## Work instructions
From the line that contains "保溫不銹鋼水箱報價與廠家選擇，不銹鋼水箱拉絲工藝解析" to the last line of the records below, copy everything exactly, both ends included.

Top of Provided entries

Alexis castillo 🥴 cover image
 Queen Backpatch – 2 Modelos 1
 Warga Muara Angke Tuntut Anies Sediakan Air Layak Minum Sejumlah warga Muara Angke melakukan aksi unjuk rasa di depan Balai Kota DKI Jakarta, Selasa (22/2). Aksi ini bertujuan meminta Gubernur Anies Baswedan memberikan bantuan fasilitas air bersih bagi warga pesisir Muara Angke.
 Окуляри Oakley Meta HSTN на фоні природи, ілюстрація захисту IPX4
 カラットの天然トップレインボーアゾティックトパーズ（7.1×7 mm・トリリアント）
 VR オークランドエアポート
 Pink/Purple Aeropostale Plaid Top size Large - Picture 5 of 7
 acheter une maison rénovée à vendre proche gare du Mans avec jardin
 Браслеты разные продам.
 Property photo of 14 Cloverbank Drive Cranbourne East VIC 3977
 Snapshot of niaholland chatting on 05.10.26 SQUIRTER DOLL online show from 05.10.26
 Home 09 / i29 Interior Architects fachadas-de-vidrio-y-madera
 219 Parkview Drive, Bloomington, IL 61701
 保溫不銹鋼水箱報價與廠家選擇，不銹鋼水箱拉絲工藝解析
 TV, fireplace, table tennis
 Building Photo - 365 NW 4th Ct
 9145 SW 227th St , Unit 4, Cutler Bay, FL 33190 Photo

Bottom of Provided entries

## Expected output
 保溫不銹鋼水箱報價與廠家選擇，不銹鋼水箱拉絲工藝解析
 TV, fireplace, table tennis
 Building Photo - 365 NW 4th Ct
 9145 SW 227th St , Unit 4, Cutler Bay, FL 33190 Photo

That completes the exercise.